Repeat every entry exactly. Pictures stay out.

Data for review:
[Start of section]

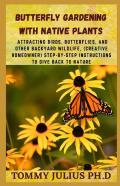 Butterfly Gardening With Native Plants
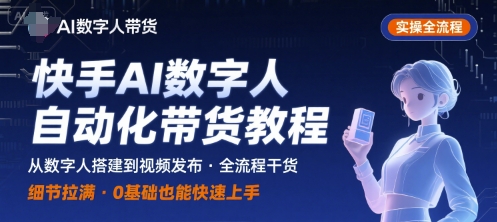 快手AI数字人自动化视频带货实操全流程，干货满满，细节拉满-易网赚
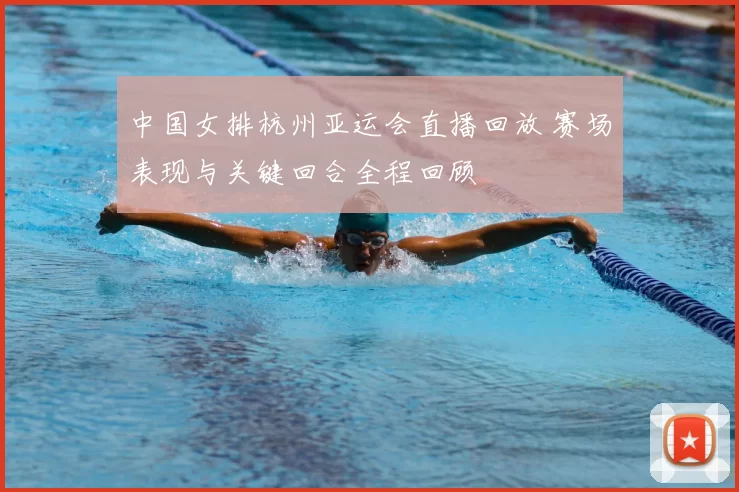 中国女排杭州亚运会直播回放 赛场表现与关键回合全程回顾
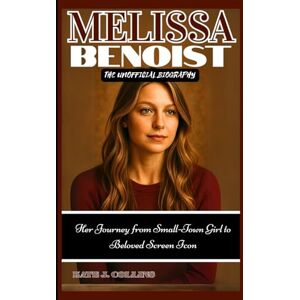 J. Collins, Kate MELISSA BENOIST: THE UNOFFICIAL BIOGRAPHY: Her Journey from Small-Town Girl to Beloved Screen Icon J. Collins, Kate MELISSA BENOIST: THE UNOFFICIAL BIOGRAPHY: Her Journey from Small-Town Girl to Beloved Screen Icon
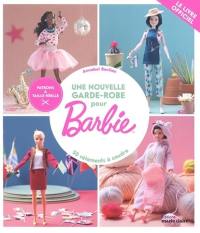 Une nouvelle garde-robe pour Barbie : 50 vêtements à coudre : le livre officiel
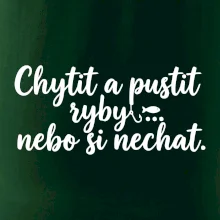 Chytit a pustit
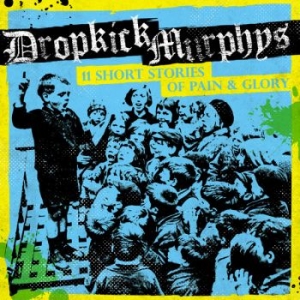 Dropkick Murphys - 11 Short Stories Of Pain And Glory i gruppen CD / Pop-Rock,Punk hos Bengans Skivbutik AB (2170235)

[End of section]

The completed task:
 Butterfly Gardening With Native Plants
 快手AI数字人自动化视频带货实操全流程，干货满满，细节拉满-易网赚
 中国女排杭州亚运会直播回放 赛场表现与关键回合全程回顾
 J. Collins, Kate MELISSA BENOIST: THE UNOFFICIAL BIOGRAPHY: Her Journey from Small-Town Girl to Beloved Screen Icon J. Collins, Kate MELISSA BENOIST: THE UNOFFICIAL BIOGRAPHY: Her Journey from Small-Town Girl to Beloved Screen Icon
 Une nouvelle garde-robe pour Barbie : 50 vêtements à coudre : le livre officiel
 Chytit a pustit
 Dropkick Murphys - 11 Short Stories Of Pain And Glory i gruppen CD / Pop-Rock,Punk hos Bengans Skivbutik AB (2170235)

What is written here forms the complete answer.